On Feb. 28, he expressed support for Amazon warehouse workers’ push to unionize in Alabama, without explicitly naming Amazon or saying how workers should vote: “There should be no intimidation, no coercion, no threats, no anti-union propaganda,” Biden said in a video posted on Twitter.
“As an organizer who spent two decades fighting for working people alongside unions, I am proud to be a lead sponsor of the PRO Act. Workers have carried us through this pandemic, and it’s long overdue that we put power back into their hands,” Rep. Pramila Jayapal, D-Wash., said.

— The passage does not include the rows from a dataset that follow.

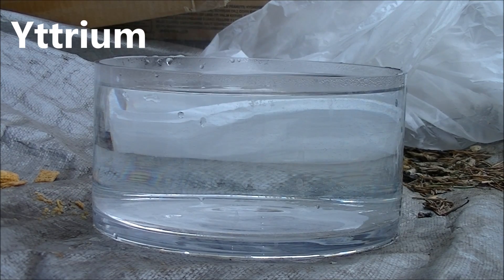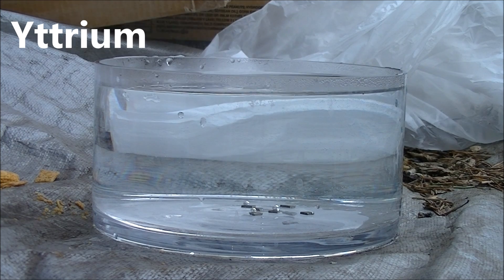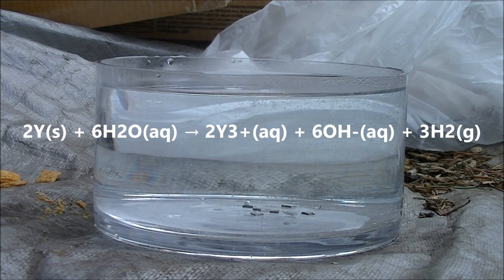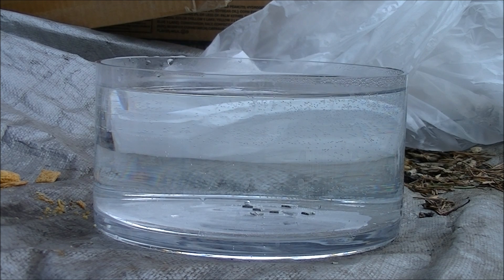Next up is yttrium. One thing I forgot to mention is that group 3 elements only react with hot water. And, like scandium, yttrium barely reacts with it at all, forming tiny amounts of yttrium hydroxide and hydrogen gas.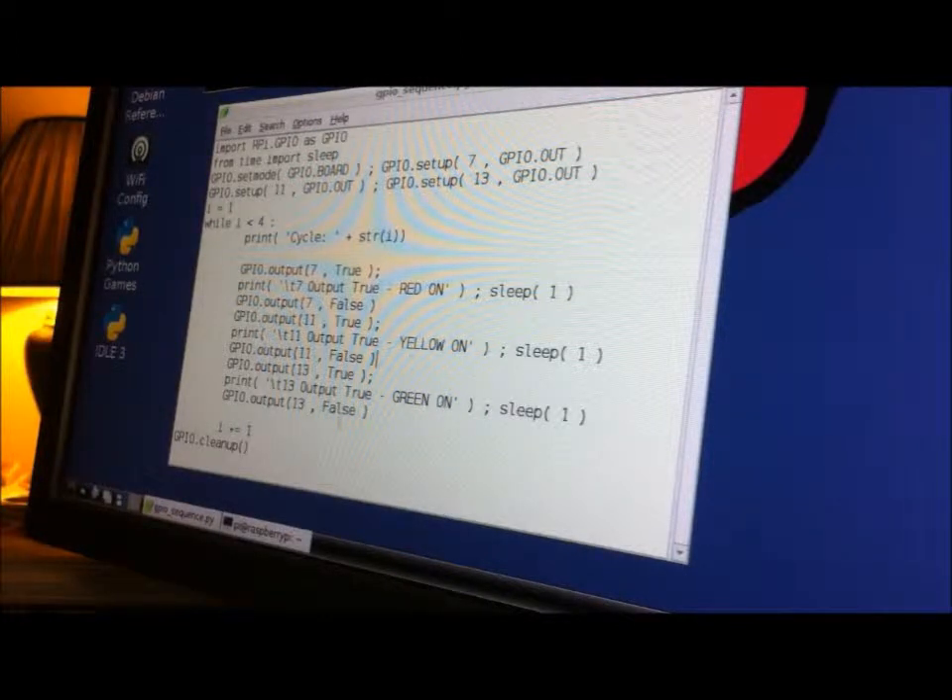The script goes through pins 7, 11, and 13, lighting up each LED in sequential order. The red light is going to turn on, blink for about one second, and then turn off. Then the yellow light is going to turn on and turn off. Then the green light is going to blink and then turn off — that's the end of the sequence. The numbers in the script refer to the pins, and you can see where it says 'red on,' 'yellow on,' 'green on,' and then 'sleep.'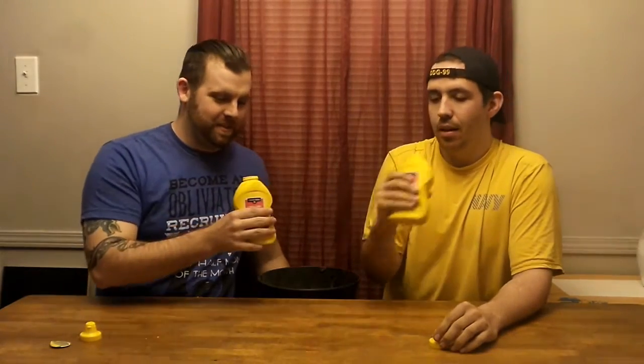Got the puke boat ready, it's happening. I shook it up enough, I think I did pretty good. I took them both like this. Refer to the 200 sub Q&A for other details. Cheers. 14 ounces of mustard.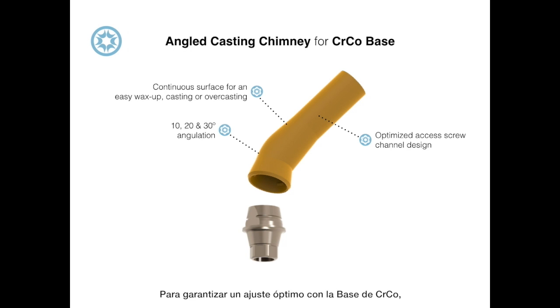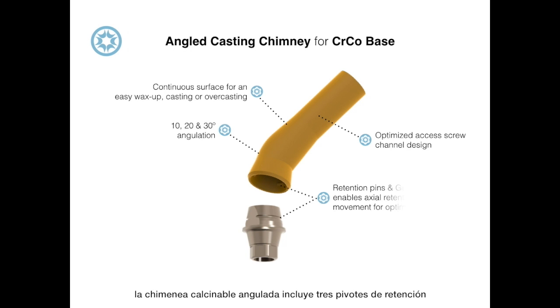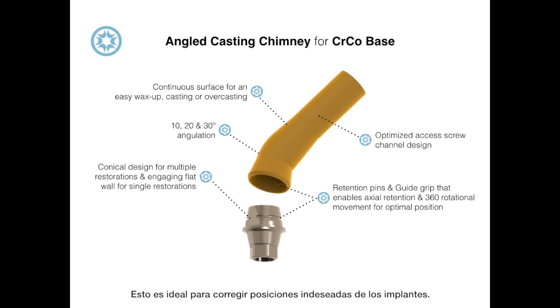To ensure an optimum fitting with the cobalt chromium base, the angled casting chimney includes three retention pins that fit into the base's horizontal guide, enabling axial retention and the free movement of the chimney. This is ideal for correcting undesired implant defects.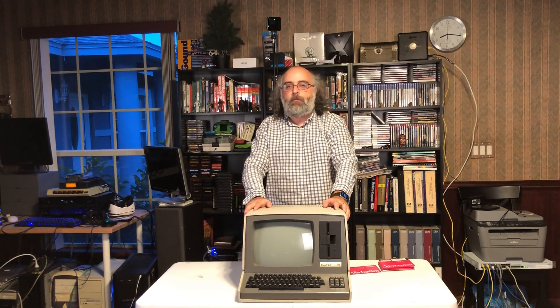Hello everyone and welcome to another episode in the Digilog series of computer history. In this episode I want to talk about this beautiful Heathkit H89, or how it's known by its other name, the Zenith Z89.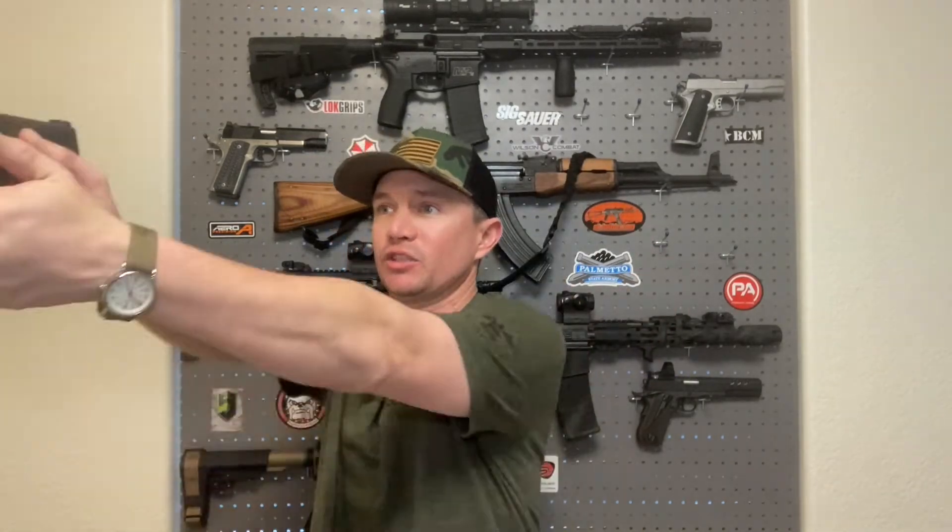I will have my striker cocked, present the gun, get my sight picture, prep my trigger as I'm coming up, and click the trigger — making sure my sights don't move. I use a thermostat on the wall in my bedroom as an aiming point; sometimes I'll use a light switch, lamp, or other small targets around the room. Using something small on the wall ensures I'm getting a precise sight picture.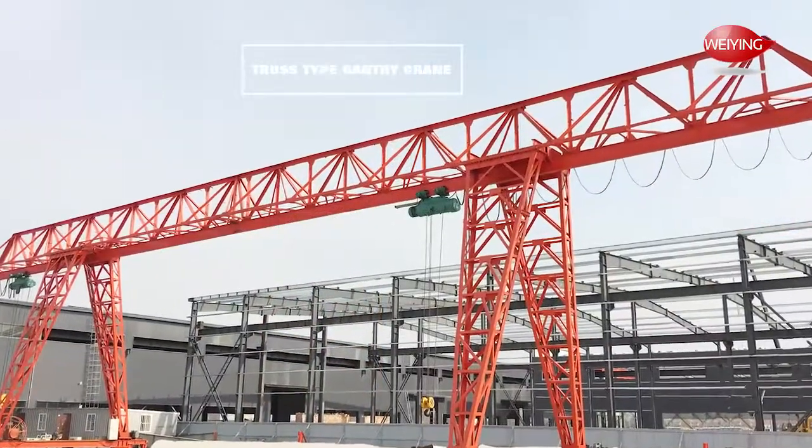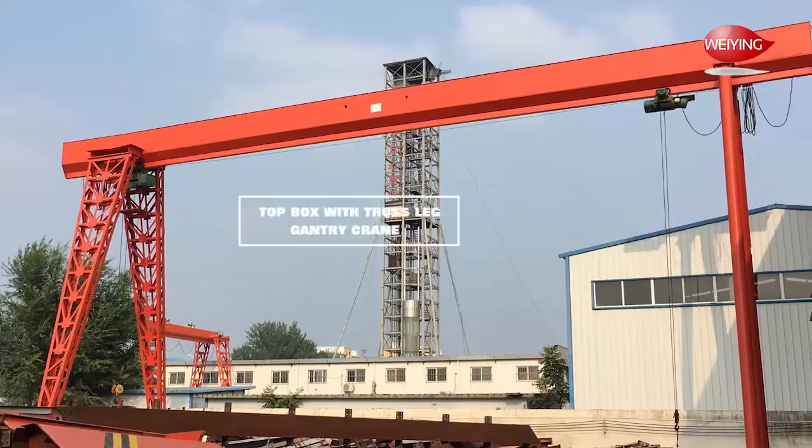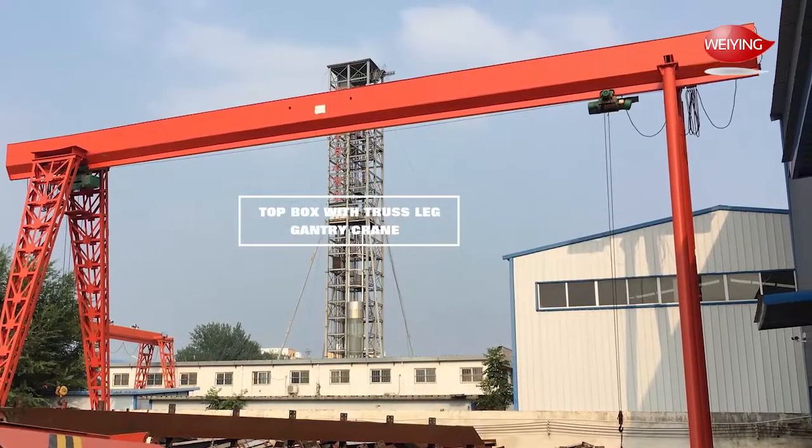The crane control mode have ground control and cabin control. The crane structural frame have truss type, box type, and top box with truss leg type, for choose.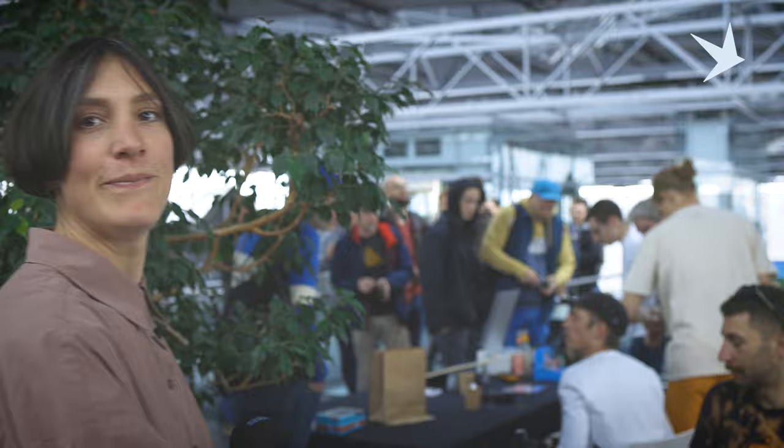Hi, this is Gwenda. We are here at Bespoked and I am about to try to give you the quickest tour possible, but that is not going to be easy. We have so many cool things to see and I am blown away by all the amazing builds here, so stick with me.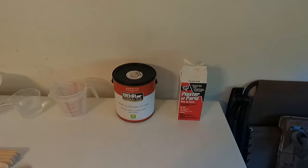Hello everyone, today I'm going to show you how to make your own chalk paint at home. Chalk paint can be very expensive when you buy it ready-made, so I decided to make my own. It's very easy, so without further ado let's jump right into it.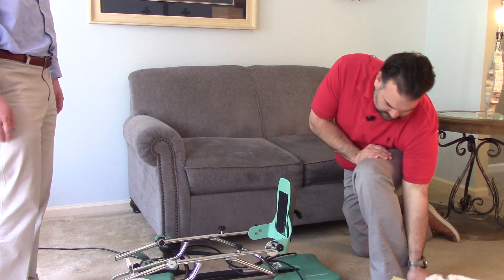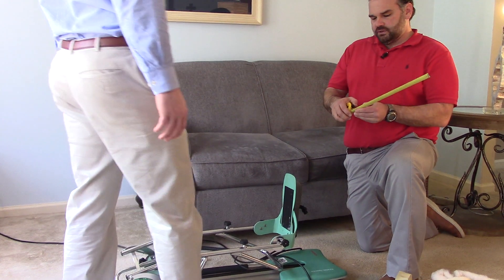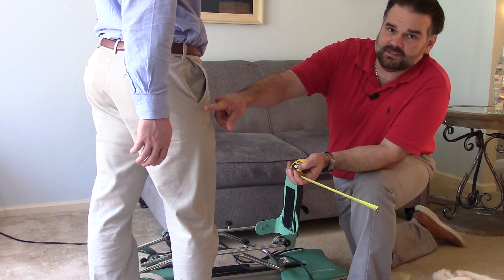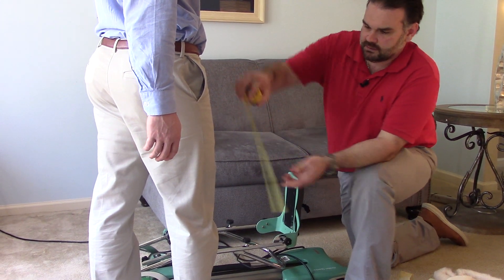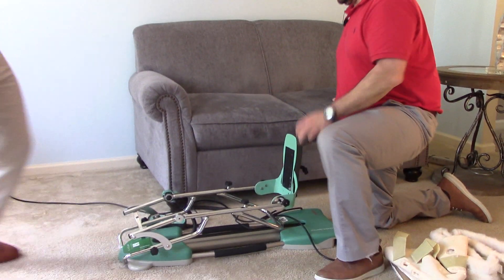So the first thing we're going to do is measure the patient. We've already measured Russ, so we know he's at 15 inches, but you're going to measure from the middle of the knee to the bottom of the hip. So we got Russ measured here, and then we'll set that to the side.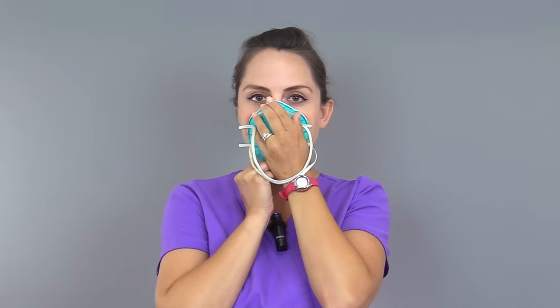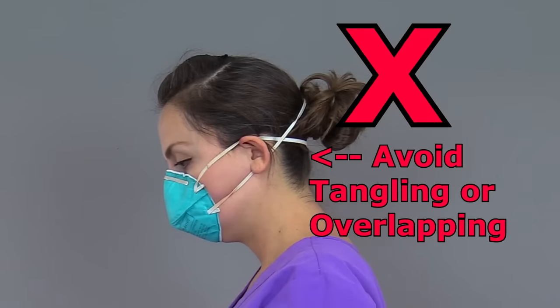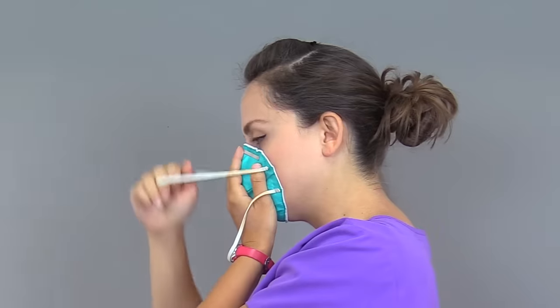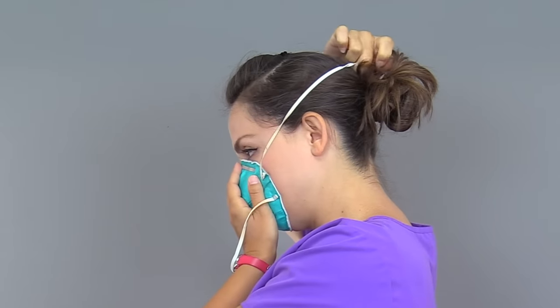Take the respirator and place it over your nose, mouth, and under the chin. Hold the respirator in place with one hand. Use your free hand to place the straps on your head. It's very important the straps rest on the head and that they are not overlapping or tangled. Take the top strap of the respirator and place it just past the top of your head, above the ears.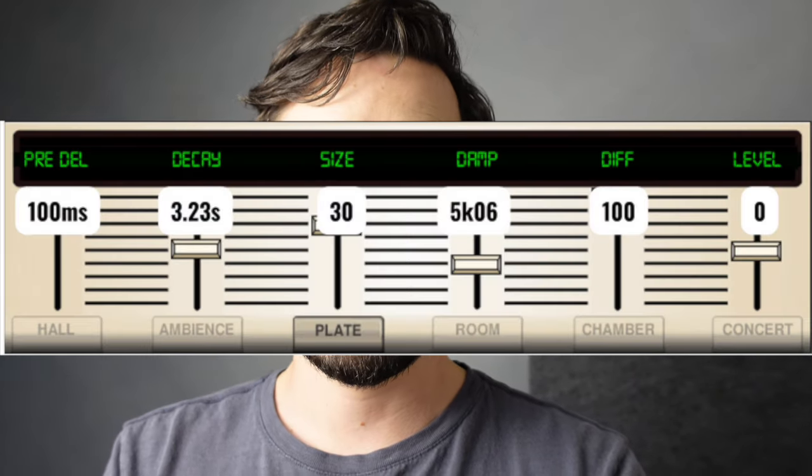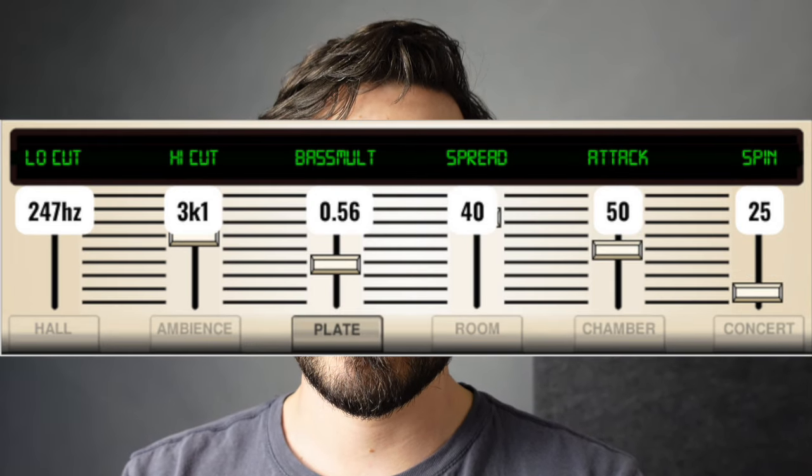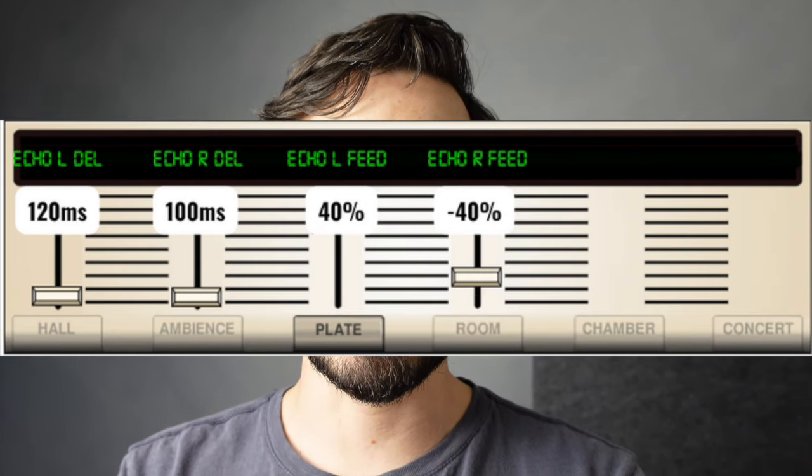If you just want the one that I did in this video, you can screenshot the settings here. So here's layer one, here's layer two, and here's layer three.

The bill now faces what is likely to be staunch opposition from Republicans in the Senate.
Rep. Virginia Foxx, R-N.C., the GOP leader of the House Committee on Education and Labor, argued on the House floor that the bill would take away the freedoms of entrepreneurs and individual workers, whom she argued built the middle class in America, rather than unions. She said individuals strapped by the COVID economy are taking advantage of the ability to work as independent contractors.
“It is unconscionable that Democrats would consider a bill that would take millions from workers’ paychecks, cost employers an estimated $47 billion in new annual cost, infringe on workers’ First Amendment rights, and put small businesses at further risk of closing their doors,” Fox said in a call with opponents of the bill on Monday.
Rep. Tim Ryan, D-Ohio, slammed Republicans who oppose the bill in a House floor speech, urging them to focus on supporting workers rather than cultural issues such as the controversy of certain Dr. Seuss books being deemed insensitive.
“Stop talking about Dr. Seuss and start working with us on behalf of the American workers!” Ryan said.